-- WHAT YOU SHOULD DO --
Whenever a line below holds the word "featuring", copy that line.

-- INPUT --
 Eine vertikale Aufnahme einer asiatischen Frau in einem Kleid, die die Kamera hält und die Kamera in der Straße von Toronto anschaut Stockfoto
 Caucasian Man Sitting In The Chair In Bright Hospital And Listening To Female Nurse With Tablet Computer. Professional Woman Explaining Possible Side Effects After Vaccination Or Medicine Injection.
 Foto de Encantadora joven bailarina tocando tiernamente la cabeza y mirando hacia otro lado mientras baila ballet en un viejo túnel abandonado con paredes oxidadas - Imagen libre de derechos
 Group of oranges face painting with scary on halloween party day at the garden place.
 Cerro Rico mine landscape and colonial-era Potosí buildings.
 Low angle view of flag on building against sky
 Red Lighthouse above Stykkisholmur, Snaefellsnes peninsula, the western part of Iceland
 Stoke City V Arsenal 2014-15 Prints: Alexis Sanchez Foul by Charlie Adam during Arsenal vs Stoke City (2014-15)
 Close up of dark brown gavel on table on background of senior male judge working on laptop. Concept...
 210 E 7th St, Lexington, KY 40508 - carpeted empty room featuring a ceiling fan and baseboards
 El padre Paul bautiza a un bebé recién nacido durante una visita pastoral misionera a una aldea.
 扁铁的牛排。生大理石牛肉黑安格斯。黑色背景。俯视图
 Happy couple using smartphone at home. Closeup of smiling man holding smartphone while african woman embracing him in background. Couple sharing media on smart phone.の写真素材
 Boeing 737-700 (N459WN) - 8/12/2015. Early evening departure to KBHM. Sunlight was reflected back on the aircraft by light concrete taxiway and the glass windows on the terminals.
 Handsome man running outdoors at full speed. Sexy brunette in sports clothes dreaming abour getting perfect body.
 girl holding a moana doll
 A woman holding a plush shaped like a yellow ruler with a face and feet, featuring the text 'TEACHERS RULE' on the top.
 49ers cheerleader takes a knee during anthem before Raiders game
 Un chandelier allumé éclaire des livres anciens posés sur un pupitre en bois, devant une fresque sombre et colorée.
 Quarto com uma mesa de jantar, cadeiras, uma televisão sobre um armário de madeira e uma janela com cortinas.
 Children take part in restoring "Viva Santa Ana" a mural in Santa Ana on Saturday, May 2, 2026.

-- WRITTEN RESPONSE --
 210 E 7th St, Lexington, KY 40508 - carpeted empty room featuring a ceiling fan and baseboards
 A woman holding a plush shaped like a yellow ruler with a face and feet, featuring the text 'TEACHERS RULE' on the top.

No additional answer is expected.